■ Extracted data
○ ○ ○ ○ ○

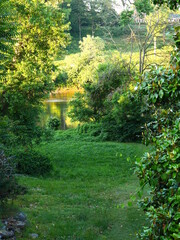 Lush Greenery on Riverbank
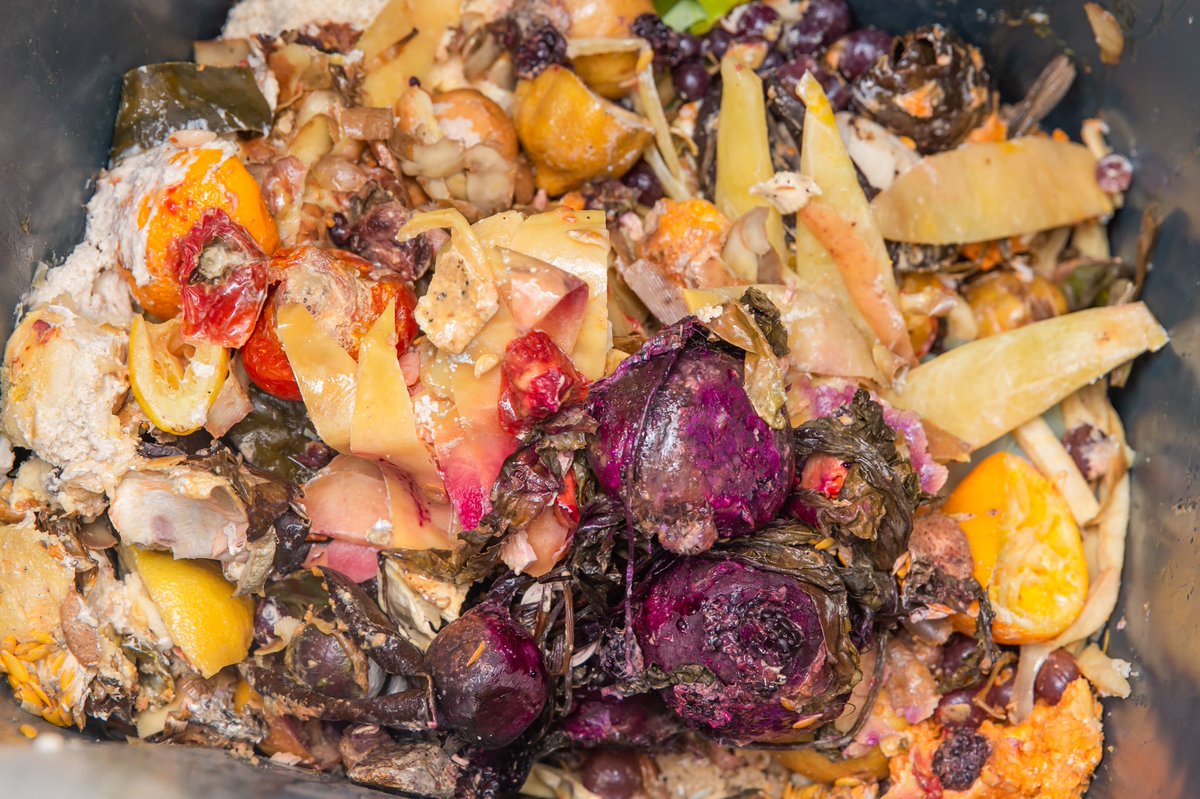 Muni_provi's tweet photo. SR. COMPOST♻️🪱🍌🍅
¡Cambio de día!🧐Solo por este fin de semana, el #SrCompost estará este sábado en #PlazaLasLilas, para recibir y #reciclar tus #residuos #orgánicos. ¡Te esperamos de 10:30 a 13:30hrs!🥳 https://t.co/dSE40iRmXi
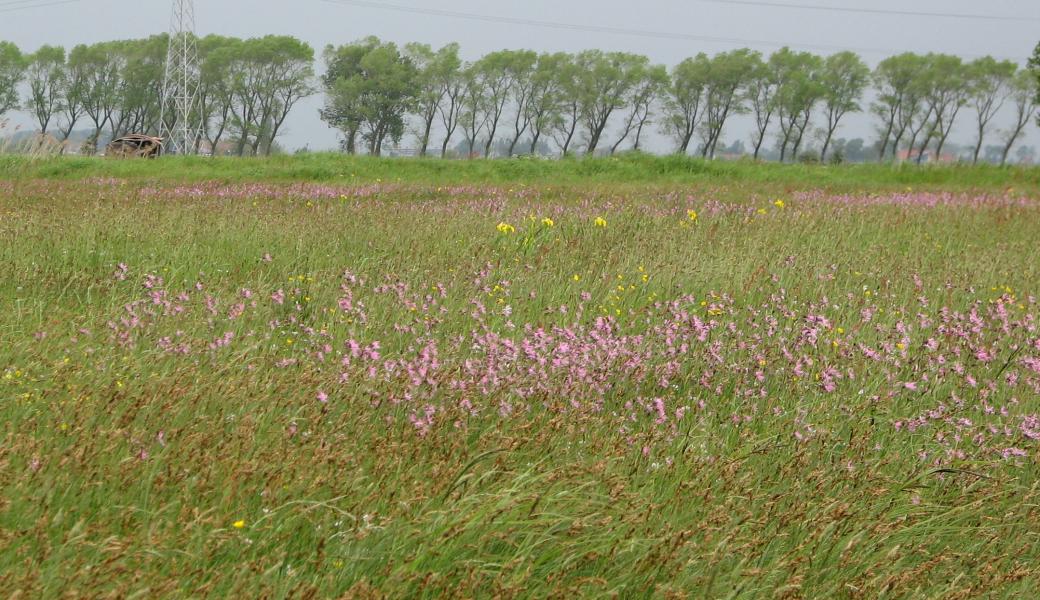 zicht op een een bloemrijk grasland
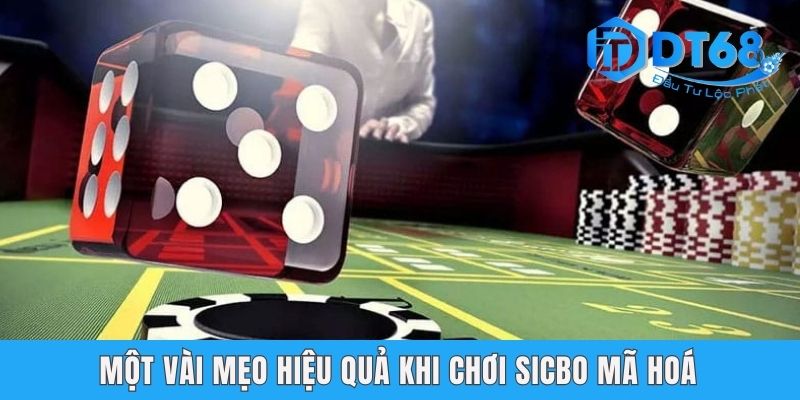 Tải Tài Xỉu MD5 - Hướng Dẫn Cài Đặt Game Đầy Đủ Từ DT68 Một vài mẹo hiệu quả khi chơi Sicbo mã hoá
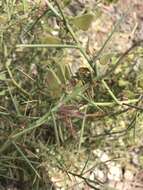Image of Daviesia genistifolia Benth.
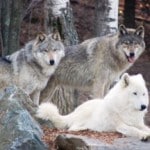 Gray wolves are not always gray in color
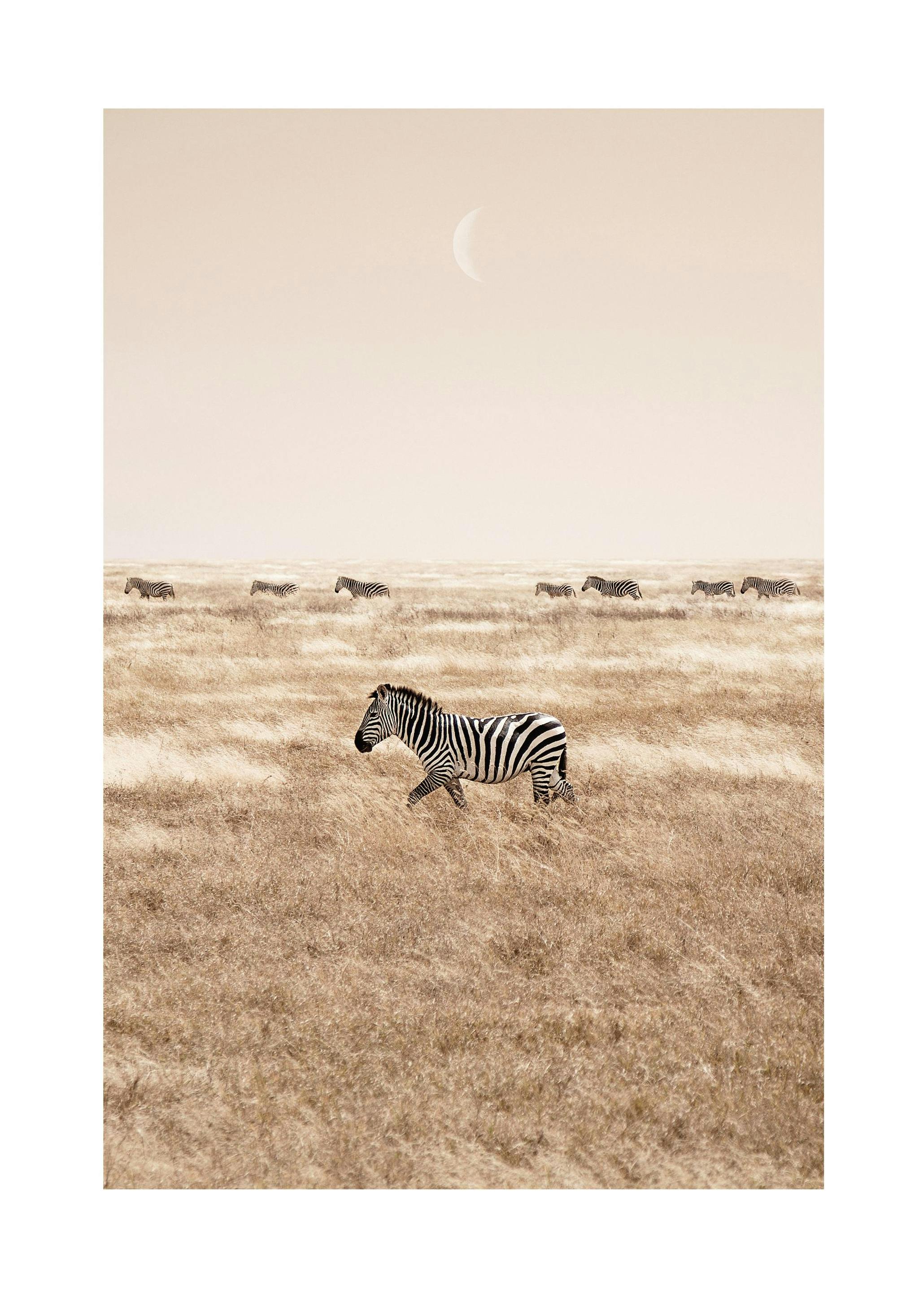 Zebras on the Savannah Poster (50x70 cm) -  Bilder mit Tiermotiven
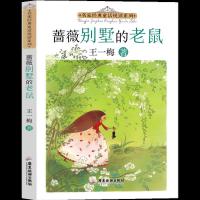 正版新书]名家经典童话悦读系列:蔷薇别墅的老鼠王一梅97875570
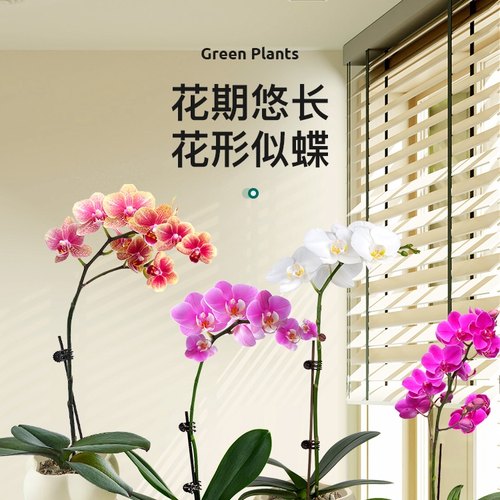 蝴蝶兰盆栽带花苞花卉室内绿植四季客厅办公室好养鲜花兰花植物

○ ○ ○ ○ ○

In copying the listing, reproduce each line exactly and omit the pictures.

 Lush Greenery on Riverbank
 Muni_provi's tweet photo. SR. COMPOST♻️🪱🍌🍅
¡Cambio de día!🧐Solo por este fin de semana, el #SrCompost estará este sábado en #PlazaLasLilas, para recibir y #reciclar tus #residuos #orgánicos. ¡Te esperamos de 10:30 a 13:30hrs!🥳 https://t.co/dSE40iRmXi
 zicht op een een bloemrijk grasland
 Tải Tài Xỉu MD5 - Hướng Dẫn Cài Đặt Game Đầy Đủ Từ DT68 Một vài mẹo hiệu quả khi chơi Sicbo mã hoá
Image of Daviesia genistifolia Benth.
 Gray wolves are not always gray in color
 Zebras on the Savannah Poster (50x70 cm) -  Bilder mit Tiermotiven
 正版新书]名家经典童话悦读系列:蔷薇别墅的老鼠王一梅97875570
 蝴蝶兰盆栽带花苞花卉室内绿植四季客厅办公室好养鲜花兰花植物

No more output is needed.